Richard Mourdock is nuts. Go back to the front page if you don't know what I'm talking about. But I want to take this discussion in a slightly different direction, if you don't mind.
I'm going to admit something. I've never once understood why some of my friends and allies in the pro-choice community like to get so angry at anti-choice men specifically because of their gender, over the fact that they can't themselves get pregnant, and argue -- even if indirectly -- that this gives men less of a right than, say, anti-choice women, to weigh on the matter of reproductive rights.

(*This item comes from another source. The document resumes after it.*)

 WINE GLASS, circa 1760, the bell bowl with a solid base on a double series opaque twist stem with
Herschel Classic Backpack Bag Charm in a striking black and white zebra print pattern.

I truly don't get this.
It would make far more sense, to me, to argue: this is MY body, and I don't want ANYONE, man, woman, Martian, Mourdock, telling me what to do with my body. Now that's a winning argument, and it is, to be sure, the argument I most often see presented in public fora. But it's not the only argument I've seen.

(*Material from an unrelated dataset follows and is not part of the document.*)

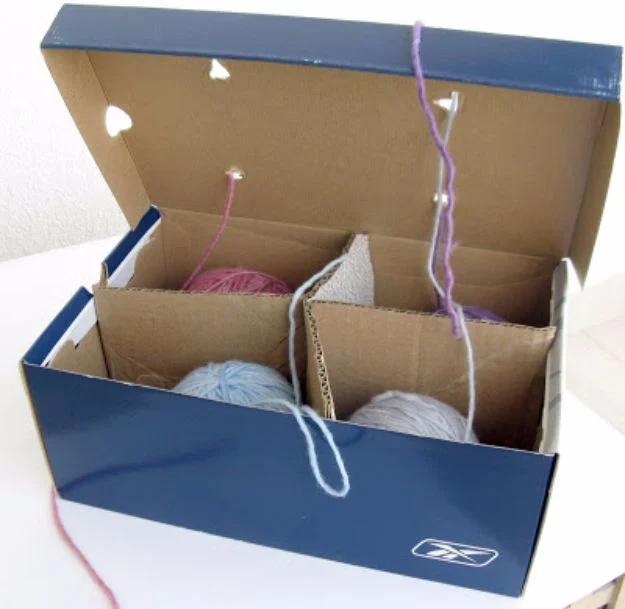 Open navy shoe box with cardboard dividers holding balls of yarn, strands threaded up through holes in the lid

Why does the fact that an anti-choice woman can get pregnant, or once could get pregnant mean that her views are somehow more relevant than a man's? Framing the argument as: Men shouldn't tell women what to do with their body makes no sense to me, when we rightly don't want anyone telling a woman what to do with her body. No one, whatever their genitalia, has the right to tell a woman what to do with her body.
And let's go further, the struggle for abortion rights is not about men versus women. The data from Gallup shows that over time there is little, if any, gender gap on the matter of choice.
According to Gallup polling, from 2001-2008, 48% of men and 49% of women identified as "pro-choice," and from 2009-2012, 43% of men and 45% of women did so.
This is a plea to some of my pro-choice friends. Be angry. Be motivated. I am too. But please don't be MORE angry at any particular anti-choice people because of their gender. Because if you are, then by definition, you're less angry at anti-choice people of the other gender. And how does that make sense?
Let's remember that this fight is not about men vs. women, but about those on the side of reproductive freedom vs. those who are against it. Period.